The internal governance of Westminster is managed by the Session, a group of women and men, “ruling elders”, who make policy, receive members, assign benevolence gifts, direct worship and the sacraments, and oversee day-to-day church business, church property, and the annual stewardship campaign.
Two other elected boards provide leadership.
- The Board of Deacons are a group of women and men elected to serve the needs of the congregation and community, under the direction of the Session.
- The Westminster Foundation is an elected board that works to secure and use endowment funds and special gifts to support the church and its ministries.
Homestead Presbytery, the next governing body above the local church, is made up of lay elders and ministers of the churches in Eastern Nebraska, excluding Omaha.
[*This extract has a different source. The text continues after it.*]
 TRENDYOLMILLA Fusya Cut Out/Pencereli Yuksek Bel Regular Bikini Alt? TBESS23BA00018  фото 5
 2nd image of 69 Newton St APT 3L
The presbytery’s is the primary external governing organization; its office is in Lincoln. Homestead oversees the calling, installation and ordination of ministers, congregational formation, clergy and congregational discipline plus providing leadership in areas of stewardship, mission, education, and resources.
Regional ministry is facilitated by synods, composed of elders and ministers representing the region’s presbyteries. Westminster is a member of the Synod of Lakes and Prairies.
The General Assembly is the national governing body of the Presbyterian Church (U.S.A.); it is an elected body comprised of elders and ministers, convened by the Moderator. The General Assembly meets bi-annually to propose constitutional and doctrinal changes (which are then passed to the Presbyteries for ratification). It also establishes task forces and commissions and facilitates national communication.